3. Nada mais conveniente como hoje abordar essa temática, diante das numerosas crises econômicas e financeiras que colocam em xeque a validade desse modelo e a competência de os humanos se administrarem e administrarem os bens da natureza. E principalmente, agora, numa hora em que parece consolidada a idéia de que - apesar da crise mundial - nós aqui, no Brasil, estaríamos inaugurando uma inédita etapa histórica de autêntico desenvolvimento, e este, entendido unicamente como crescimento econômico e não como crescimento humano, crescimento de uma verdadeira consciência ambiental, de responsabilidade social e de consumo, de novas formas de sociabilidades pautadas pela sobriedade, a reciprocidade, a solidariedade, etc.
4. O atual modelo econômico não tem a ver só com modos de produção, comprar e vender, com transações comerciais, investimentos financeiros, etc. mas tem a ver com a totalidade da vida. Ele mexe com o todo e interfere no todo. É totalizante. Ele é portador de uma espiritualidade/mística e de um modo de ser cidadão hoje. O importante para o atual modelo é conseguir que os seus adeptos incorporem sua lógica e moldem seus comportamentos a partir dela e se tornem seus dependentes...(os novos consumidores-dependentes)
5. Segundo esse modelo, genericamente chamado de ‘livre mercado’ para ser reconhecido como cidadão é preciso entrar na lógica do mercado, ou seja, aceitar que tudo pode ser comprado e vendido. Que tudo: sonhos, sentimentos, emoções, bens imateriais, etc. podem e devem ter valor pecuniário. Quem não consome não é plenamente cidadão!
6. A própria palavra inclusão tão utilizada nessa década é na prática sempre mais identificada como um movimento para incluir no mercado e não necessariamente na vida social, política, cultural o maior número de gastadores e consumidores....pois isso iria manter o sistema funcionando e, de conseqüência, manter os empregos, os salários, a estabilidade, ou seja, aquilo que nos é vendido como ‘bem-estar’
Muitas coisas foram ditas, muitos dados foram oferecidos, e talvez não seja o caso de repetir e tampouco falar obviedades, algo que já é notório para quem acompanha a vida social e econômica do país e do Estado.
Dizer, por exemplo, que:
em 2007 existiam no Brasil 10,7 milhões de indigentes (ou seja, famintos), e 46,3 milhões de pobres (ou seja, sem acesso às necessidades básicas: alimentação, habitação, vestuário, higiene, saúde...

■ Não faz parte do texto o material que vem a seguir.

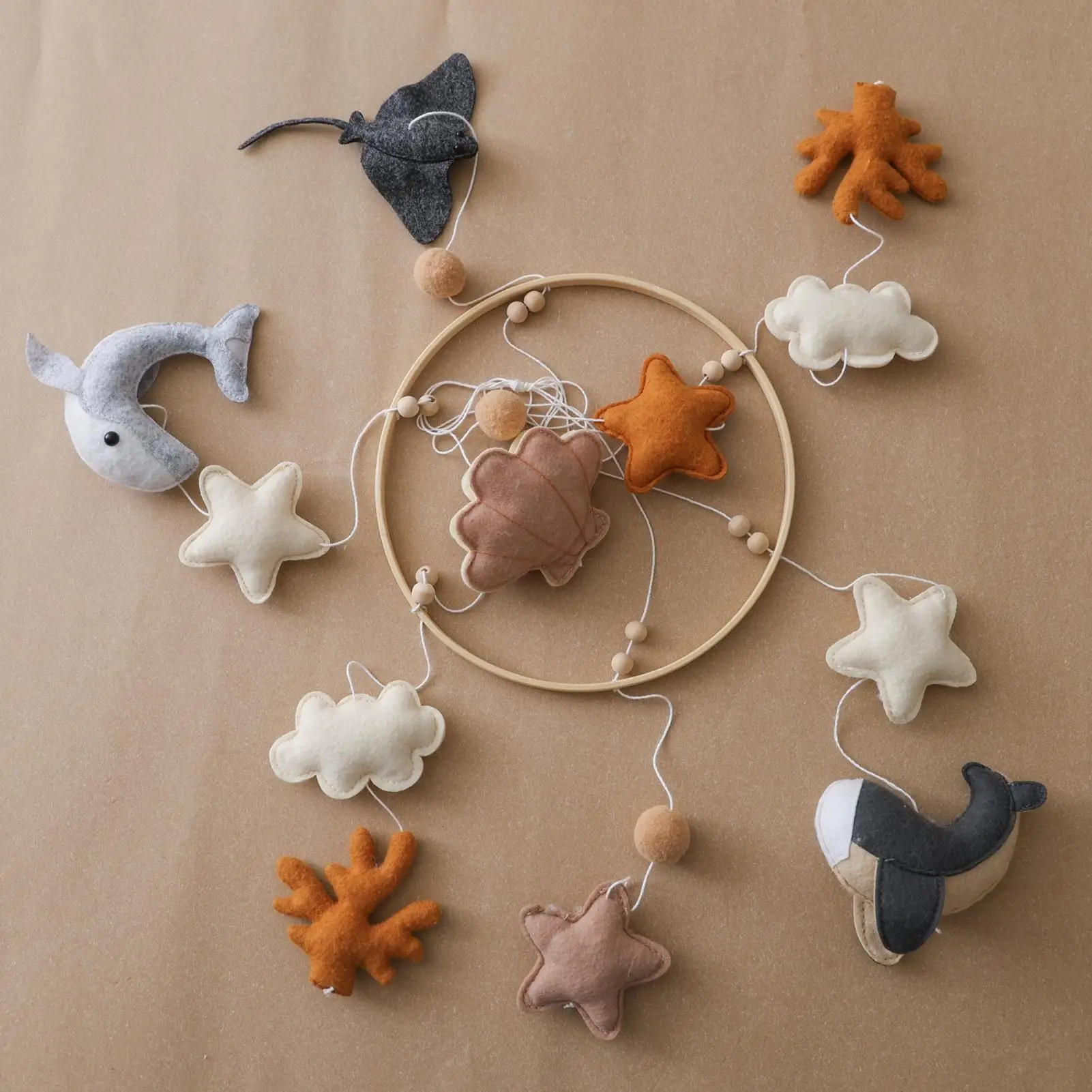 Móvil de bebé para cuna, juguetes móviles de dibujos animados de fieltro para bebé, decoración de animales marinos colgable para Moisés, cama de guardería, campana para niños y niñas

Que no Maranhão temos 3,5 milhões de pobres segundo a FGV, ou seja, 63,7% da população,
que o mesmo Estado está ocupando nos índices de exclusão social, de pobreza e de desigualdade social e de emprego formal o 27º lugar...
que nesse Estado e no Brasil há uma concentração de terras e renda que revelam submissão ao ídolo da ganância... é algo mais que sabido.
Tenho plena convicção, também, de que não são os dados por si só, - que na maioria das vezes aparecem frios - que nos ajudam a perceber que por trás deles há relações humanas assimétricas, desiguais, injustas, trágicas. Ao mesmo tempo, esses dados estatísticos pouco contribuem para nos convencer da necessidade de intervir estruturalmente... Entretanto, eles revelam opções pessoais e coletivas, tendências, escolhas, decisões, interesses e comportamentos sócio-econômicos individuais e sistêmicos.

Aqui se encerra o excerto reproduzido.